| Supplied information |
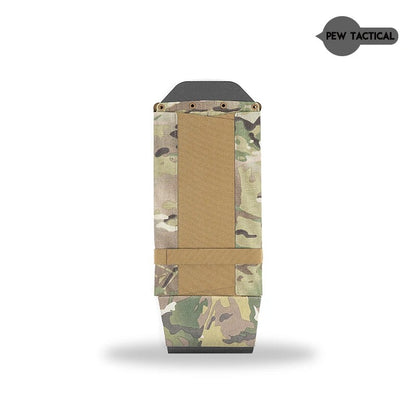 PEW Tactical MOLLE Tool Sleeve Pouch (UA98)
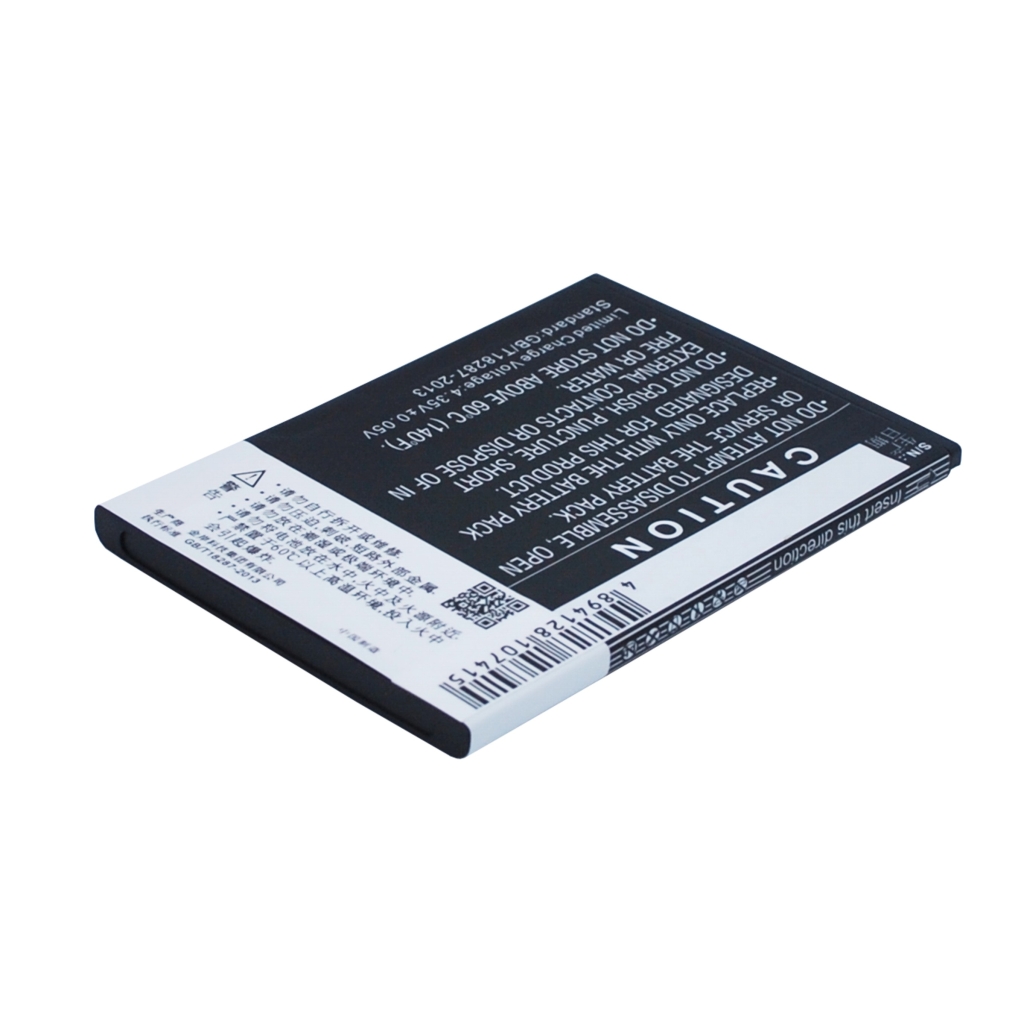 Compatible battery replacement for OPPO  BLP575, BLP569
--
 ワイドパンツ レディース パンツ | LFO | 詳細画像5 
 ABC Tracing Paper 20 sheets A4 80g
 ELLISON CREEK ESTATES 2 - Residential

| Exercise details |
Look above for the line containing "ワイドパンツ レディース パンツ | LFO | 詳細画像5" and the line containing "ELLISON CREEK ESTATES 2 - Residential". Transcribe both, with the lines between them, exactly.

| Solution to this task |
 ワイドパンツ レディース パンツ | LFO | 詳細画像5 
 ABC Tracing Paper 20 sheets A4 80g
 ELLISON CREEK ESTATES 2 - Residential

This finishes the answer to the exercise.